WHAT YOU NEED TO DO:
Your copy should hold only the lines from the one holding "Download Foreign Learning" through the last line of the records below, both included, each exact and with no pictures.

Start of SUPPLIED RECORDS

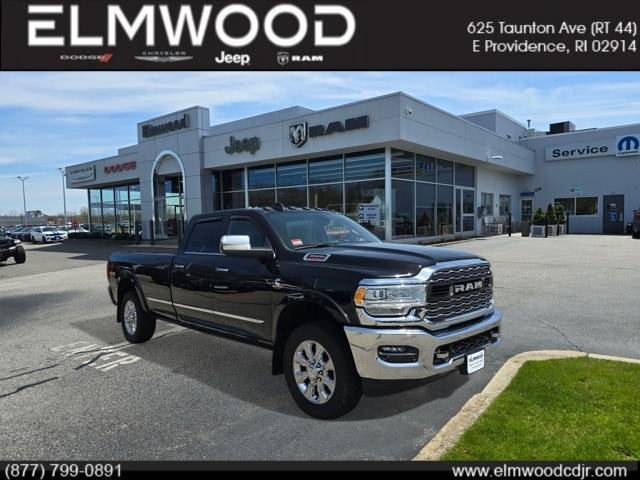 2021 Ram 3500 Limited — Pickup Truck — 64,854 mi — E. Providence, RI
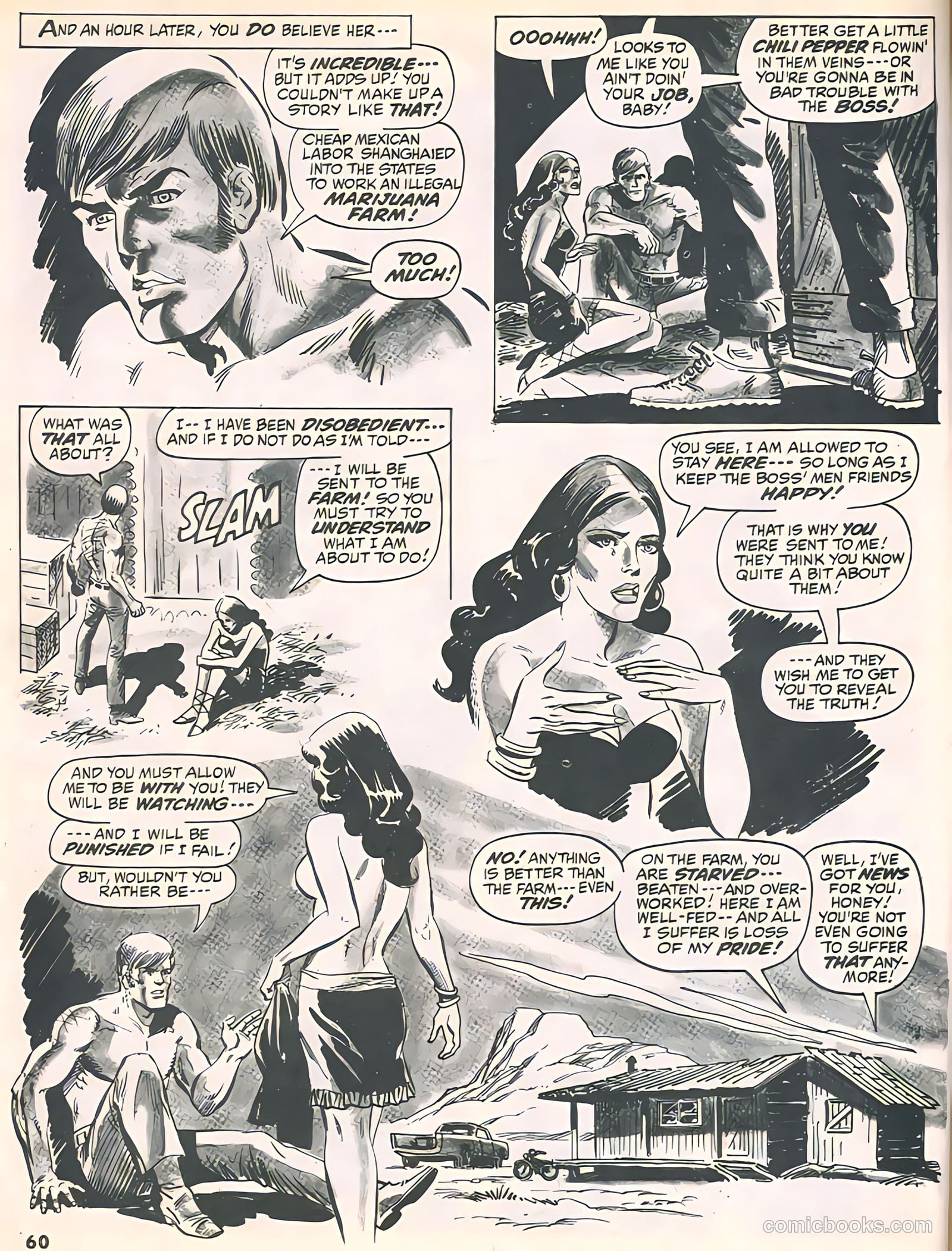 Hell Rider #2 — page 54 of 60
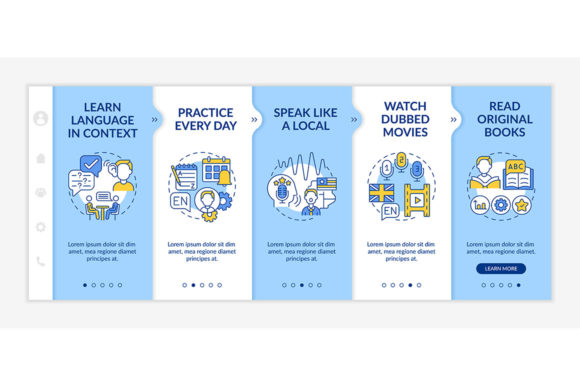 Download Foreign Learning Language Tips Web Pages - Web pages Collection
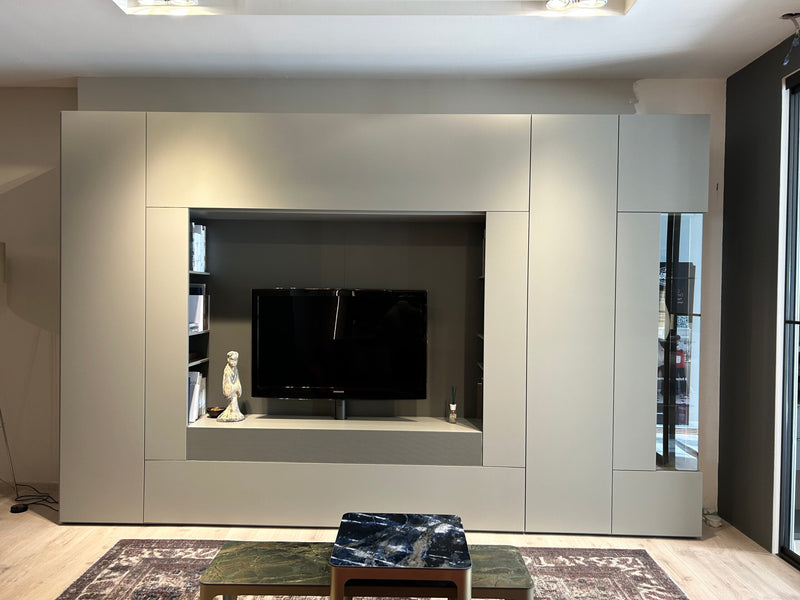 Armadio Caccaro | Roomy - outlet Bensa Arredamenti, sconto 50%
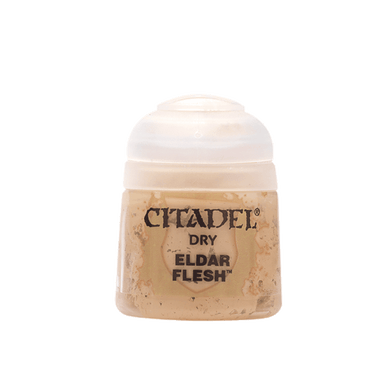 Citadel Colour: Dry - Eldar Flesh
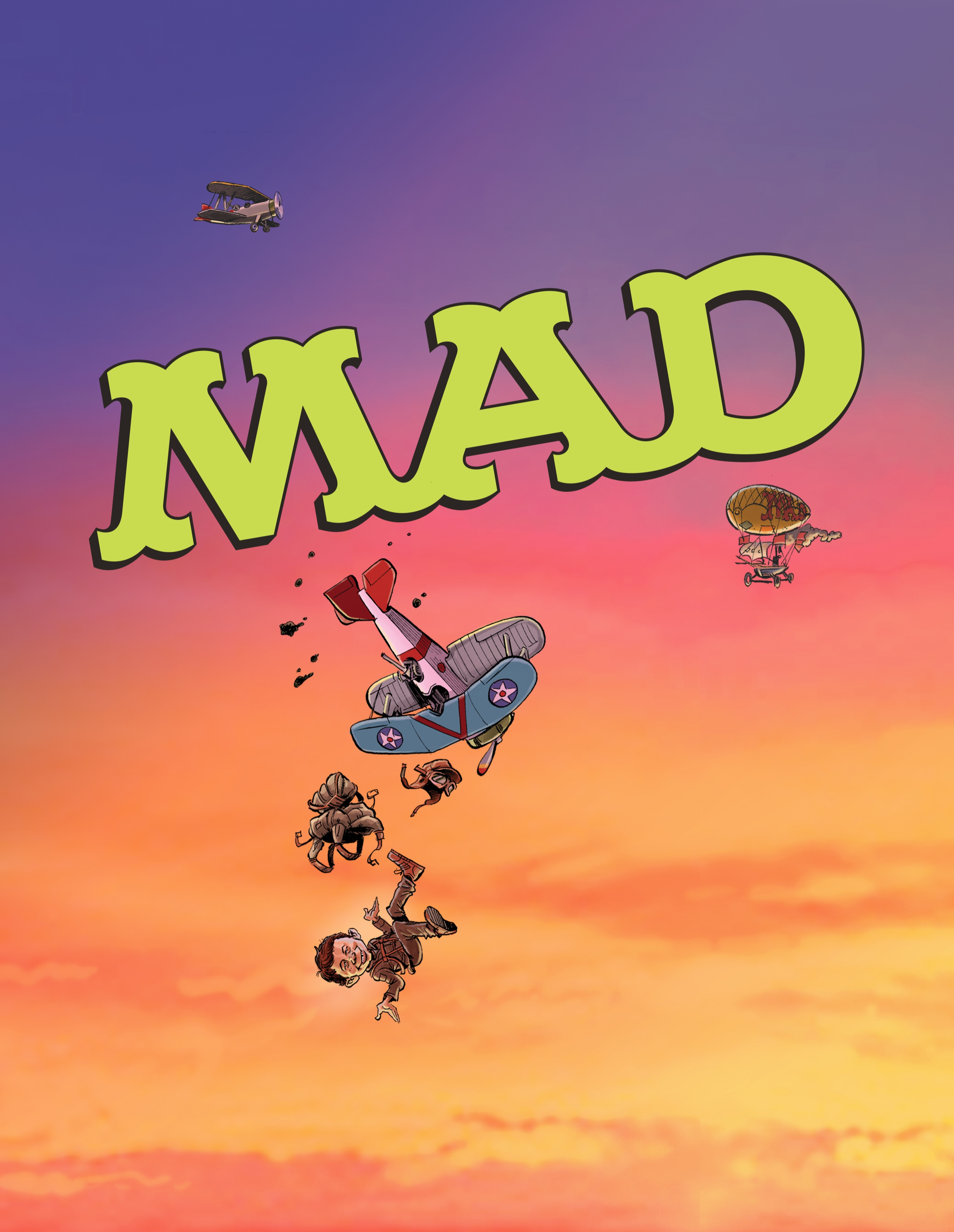 MAD Magazine (2018-) issue 20 - Page 65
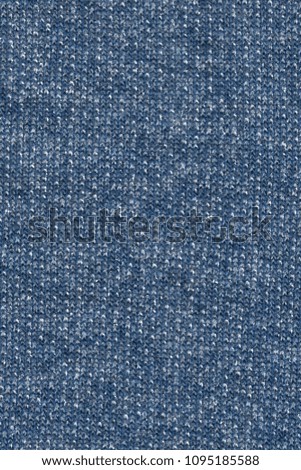 knitting cloth. texture background.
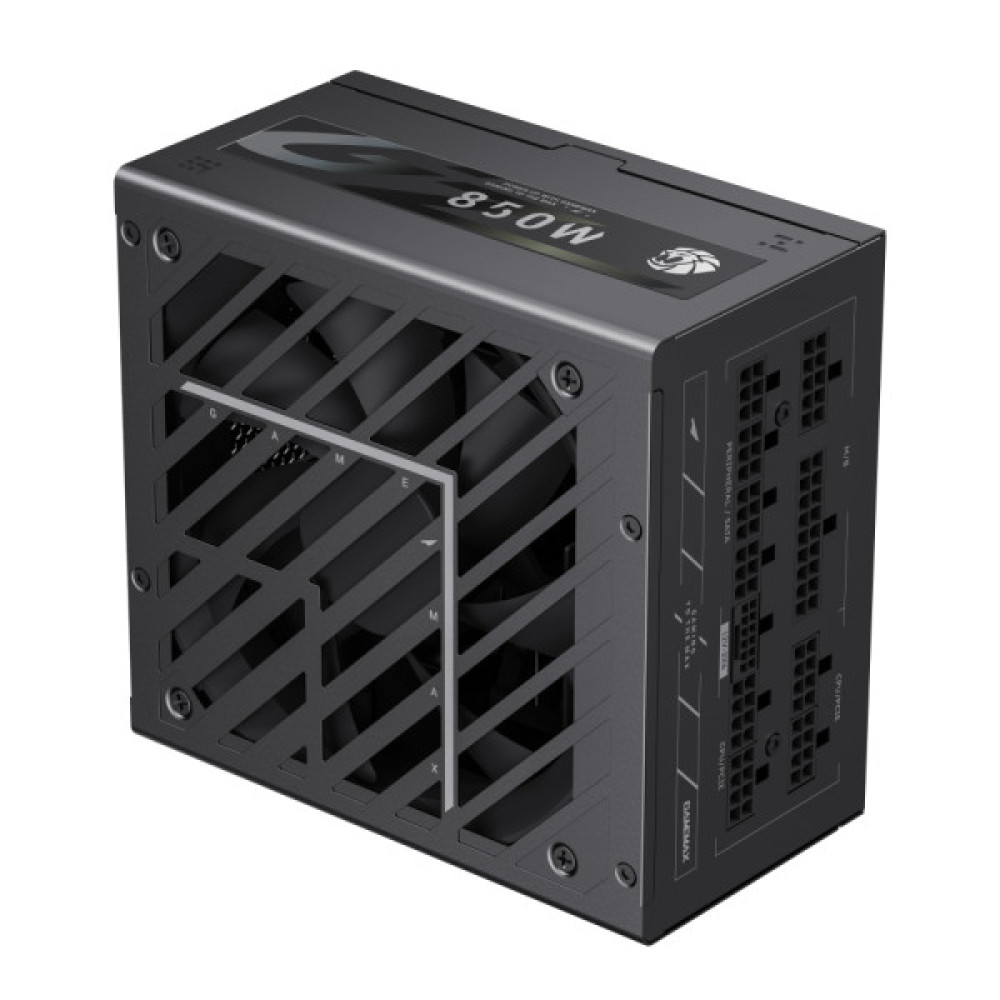 GAMEMAX GZ 850G BK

End of SUPPLIED RECORDS

RESPONSE TO THE TASK:
 Download Foreign Learning Language Tips Web Pages - Web pages Collection
 Armadio Caccaro | Roomy - outlet Bensa Arredamenti, sconto 50%
 Citadel Colour: Dry - Eldar Flesh
 MAD Magazine (2018-) issue 20 - Page 65
 knitting cloth. texture background.
 GAMEMAX GZ 850G BK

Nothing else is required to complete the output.